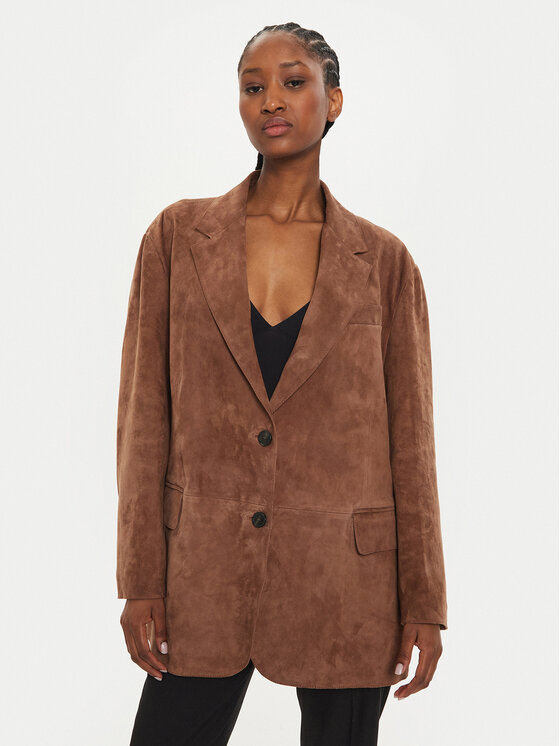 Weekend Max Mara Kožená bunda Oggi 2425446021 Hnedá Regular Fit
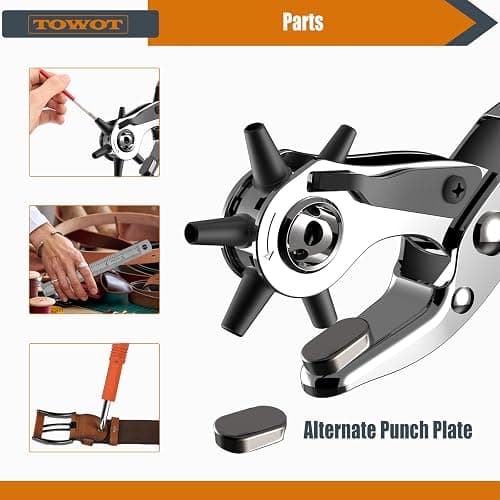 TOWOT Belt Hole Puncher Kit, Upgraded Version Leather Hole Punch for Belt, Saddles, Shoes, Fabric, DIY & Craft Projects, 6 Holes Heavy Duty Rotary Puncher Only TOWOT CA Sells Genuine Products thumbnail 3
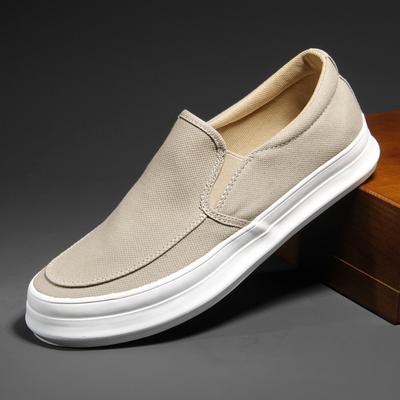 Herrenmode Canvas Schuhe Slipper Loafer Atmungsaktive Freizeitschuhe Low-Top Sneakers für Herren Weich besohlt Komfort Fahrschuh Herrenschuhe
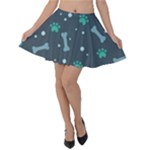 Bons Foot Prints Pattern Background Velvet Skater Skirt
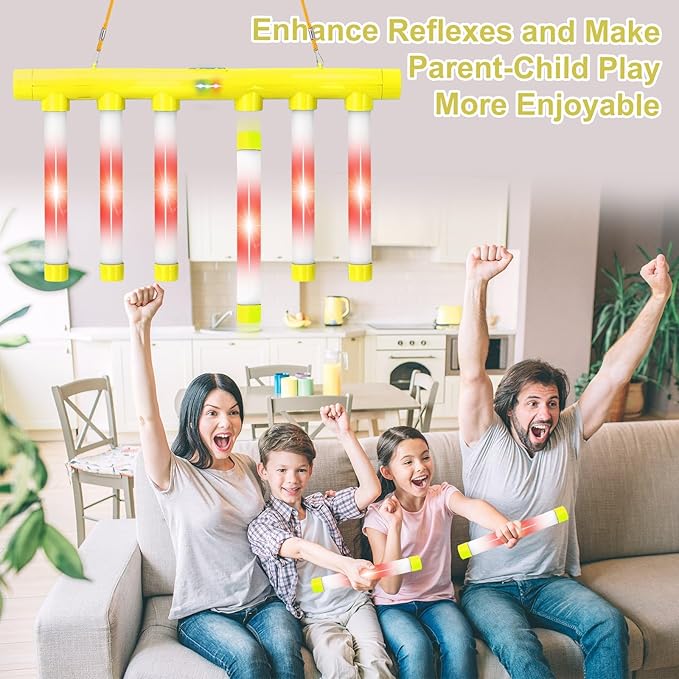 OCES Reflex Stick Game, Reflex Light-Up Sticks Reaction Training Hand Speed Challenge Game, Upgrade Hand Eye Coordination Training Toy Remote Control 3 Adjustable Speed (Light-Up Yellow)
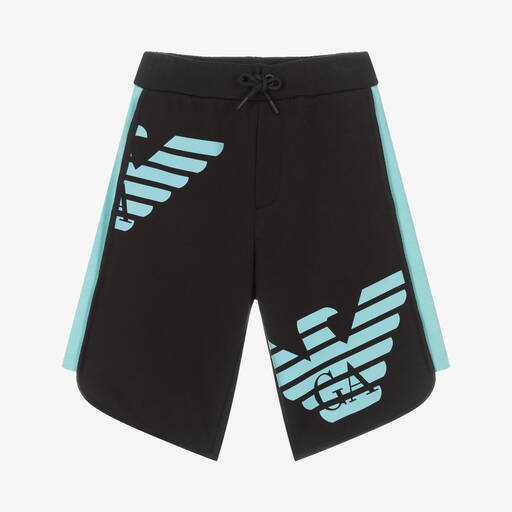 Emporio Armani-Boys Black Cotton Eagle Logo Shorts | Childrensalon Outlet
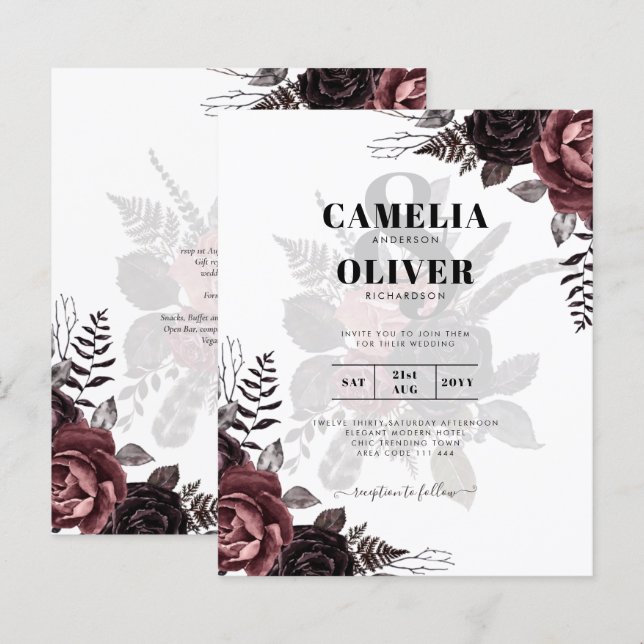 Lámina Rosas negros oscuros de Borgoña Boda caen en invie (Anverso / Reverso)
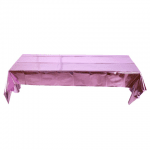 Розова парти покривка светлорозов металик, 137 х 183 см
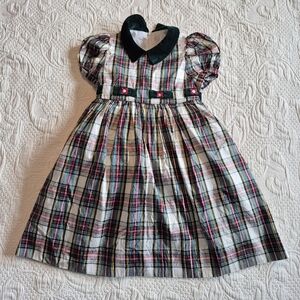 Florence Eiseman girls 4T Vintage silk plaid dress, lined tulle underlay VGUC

◆ Task description ◆
Although the records contain pictures, the copy should hold only their text, reproduced exactly.

◆ Result for this task ◆
 Weekend Max Mara Kožená bunda Oggi 2425446021 Hnedá Regular Fit
 TOWOT Belt Hole Puncher Kit, Upgraded Version Leather Hole Punch for Belt, Saddles, Shoes, Fabric, DIY & Craft Projects, 6 Holes Heavy Duty Rotary Puncher Only TOWOT CA Sells Genuine Products thumbnail 3
 Herrenmode Canvas Schuhe Slipper Loafer Atmungsaktive Freizeitschuhe Low-Top Sneakers für Herren Weich besohlt Komfort Fahrschuh Herrenschuhe
 Bons Foot Prints Pattern Background Velvet Skater Skirt
 OCES Reflex Stick Game, Reflex Light-Up Sticks Reaction Training Hand Speed Challenge Game, Upgrade Hand Eye Coordination Training Toy Remote Control 3 Adjustable Speed (Light-Up Yellow)
 Emporio Armani-Boys Black Cotton Eagle Logo Shorts | Childrensalon Outlet
 Lámina Rosas negros oscuros de Borgoña Boda caen en invie (Anverso / Reverso)
 Розова парти покривка светлорозов металик, 137 х 183 см
 Florence Eiseman girls 4T Vintage silk plaid dress, lined tulle underlay VGUC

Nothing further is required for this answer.